◆ Task details
Copying rule for the data below: take the line containing "Convertible Duffle Bag" and every line after it to the end, exactly, and drop all pictures.

◆ Image-caption web data
· · · ·
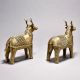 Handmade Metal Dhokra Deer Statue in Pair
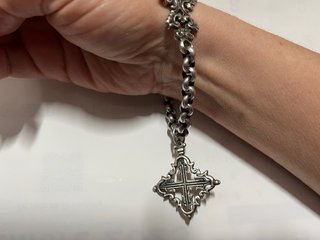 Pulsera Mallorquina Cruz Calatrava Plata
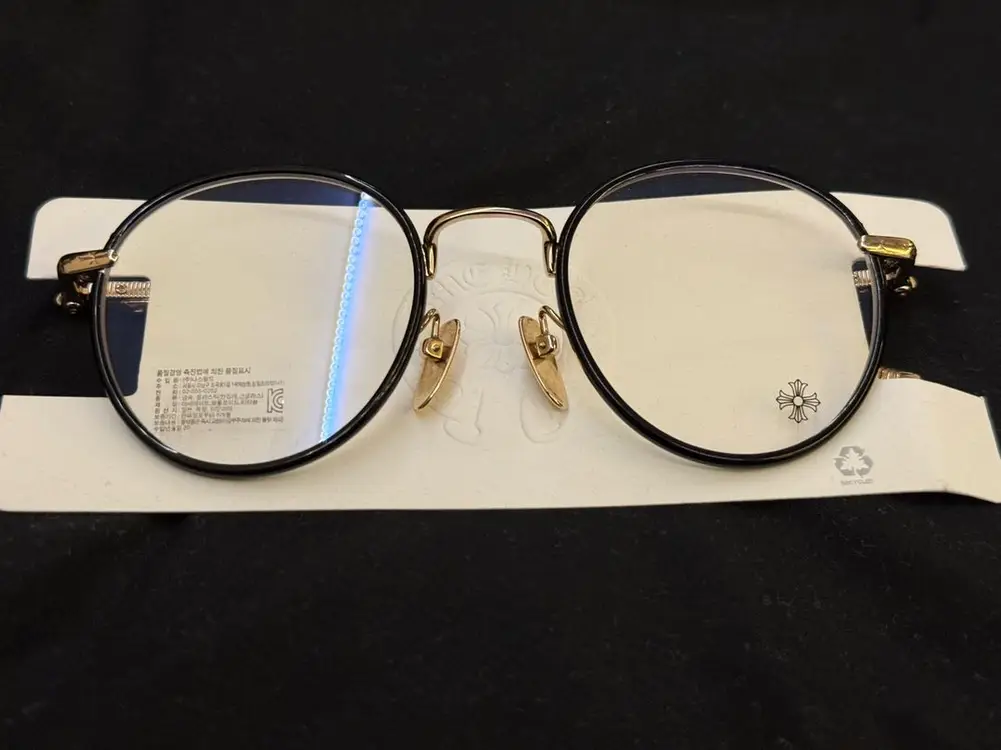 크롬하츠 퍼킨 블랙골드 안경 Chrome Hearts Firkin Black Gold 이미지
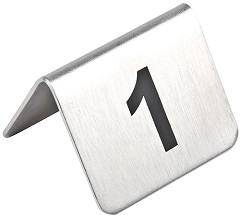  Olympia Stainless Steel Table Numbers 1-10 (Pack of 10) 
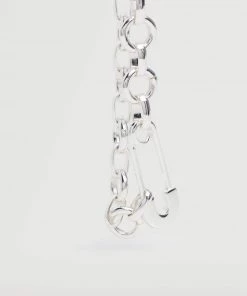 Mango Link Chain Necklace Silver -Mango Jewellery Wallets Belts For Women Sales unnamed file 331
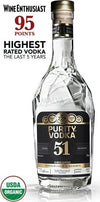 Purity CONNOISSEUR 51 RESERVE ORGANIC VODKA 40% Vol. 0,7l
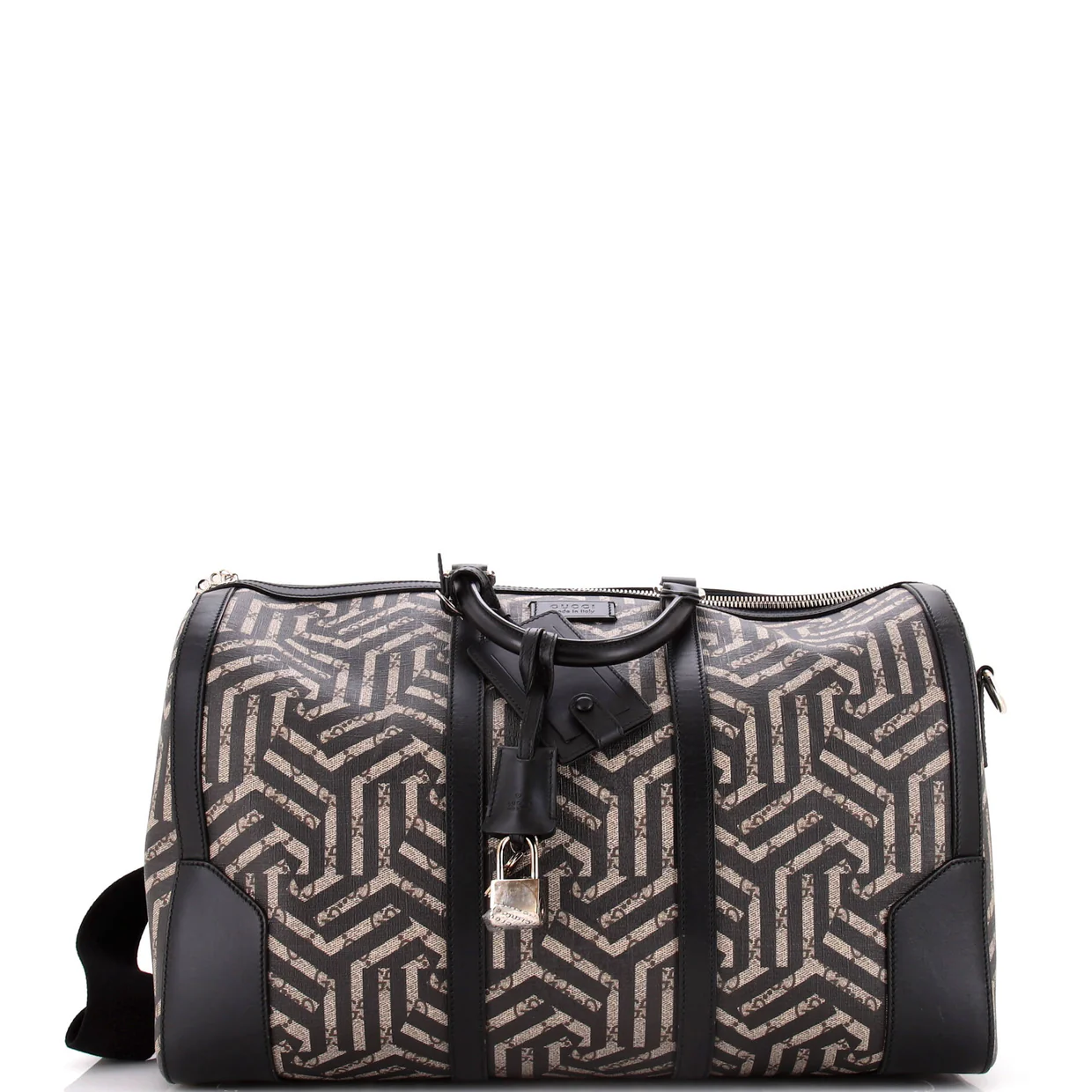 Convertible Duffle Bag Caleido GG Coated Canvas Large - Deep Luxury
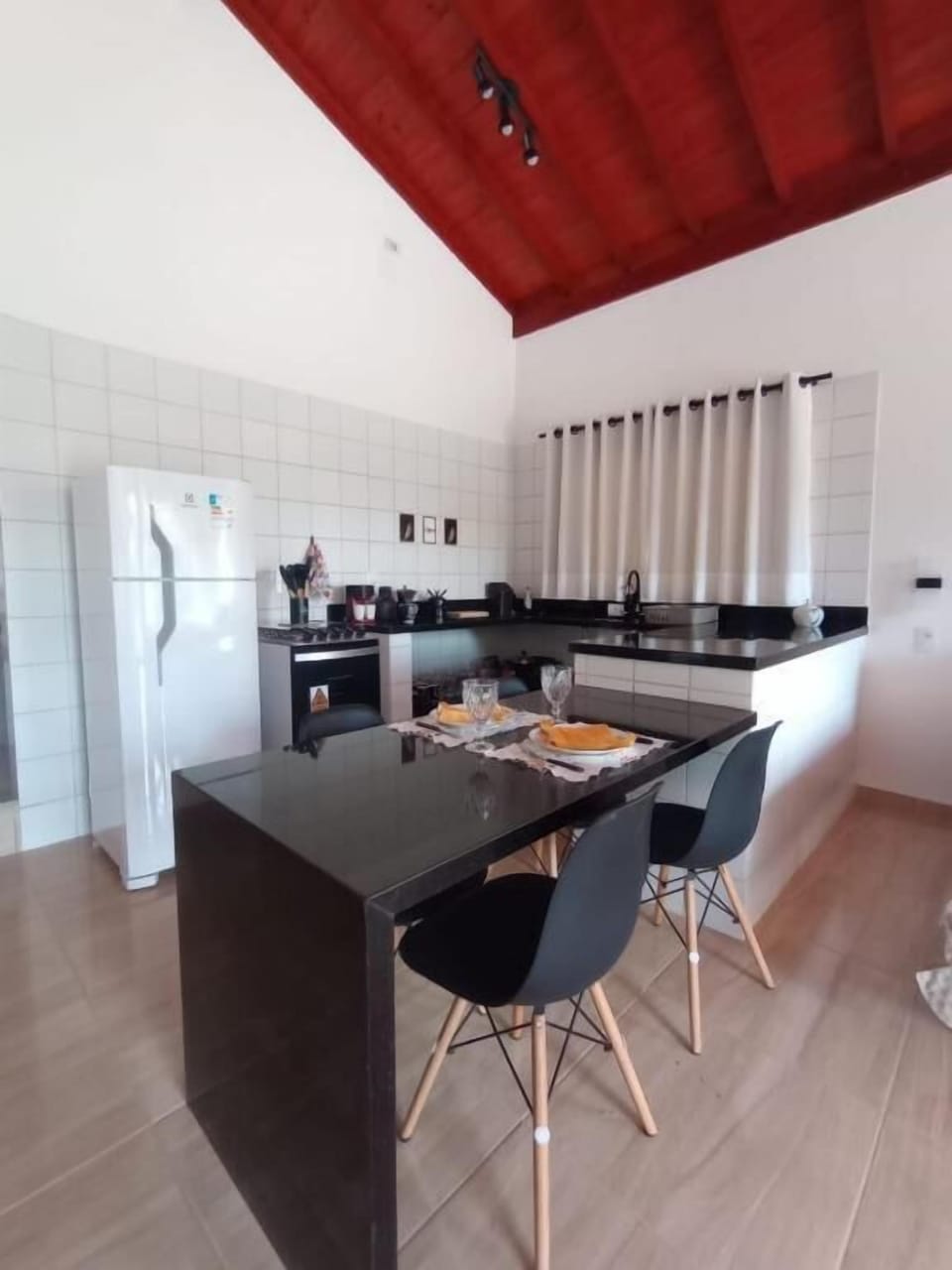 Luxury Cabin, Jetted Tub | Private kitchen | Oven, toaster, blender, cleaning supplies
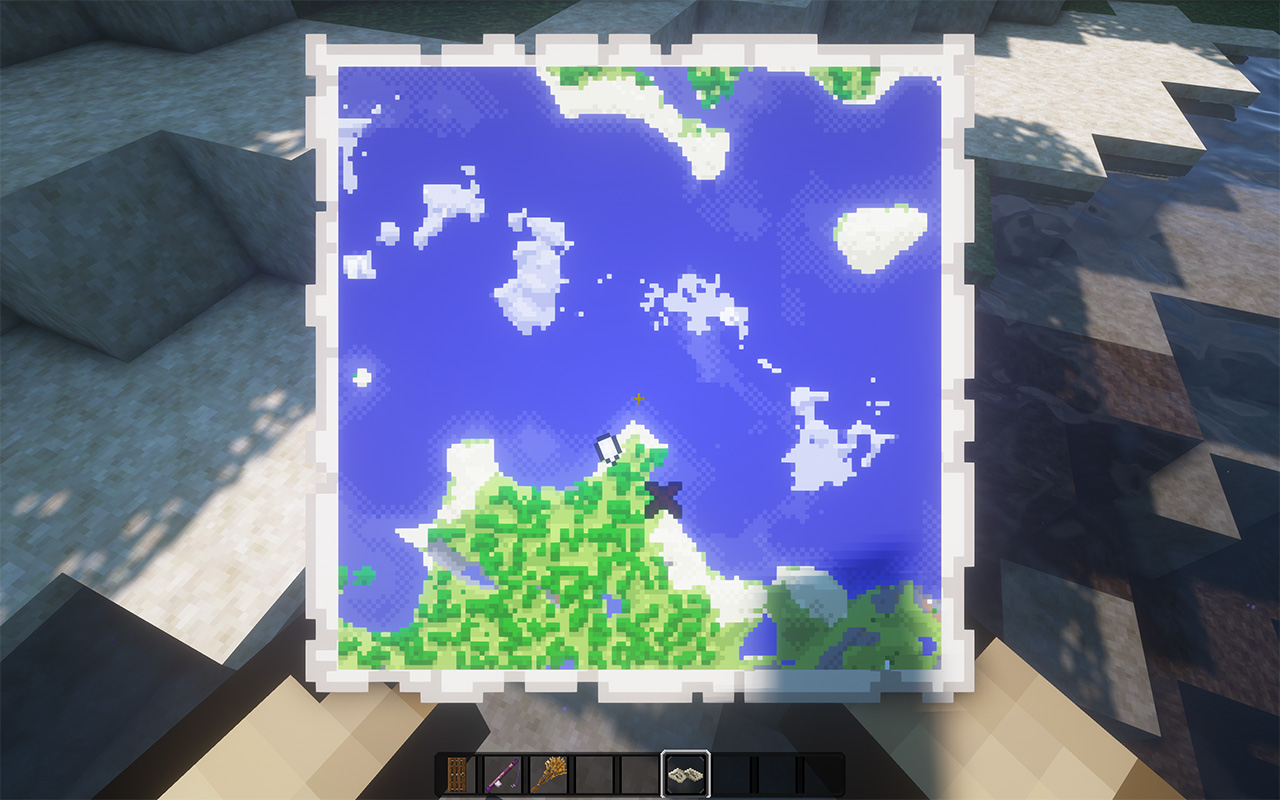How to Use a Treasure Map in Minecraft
· · · ·
◆ Answer to this task
 Convertible Duffle Bag Caleido GG Coated Canvas Large - Deep Luxury
 Luxury Cabin, Jetted Tub | Private kitchen | Oven, toaster, blender, cleaning supplies
How to Use a Treasure Map in Minecraft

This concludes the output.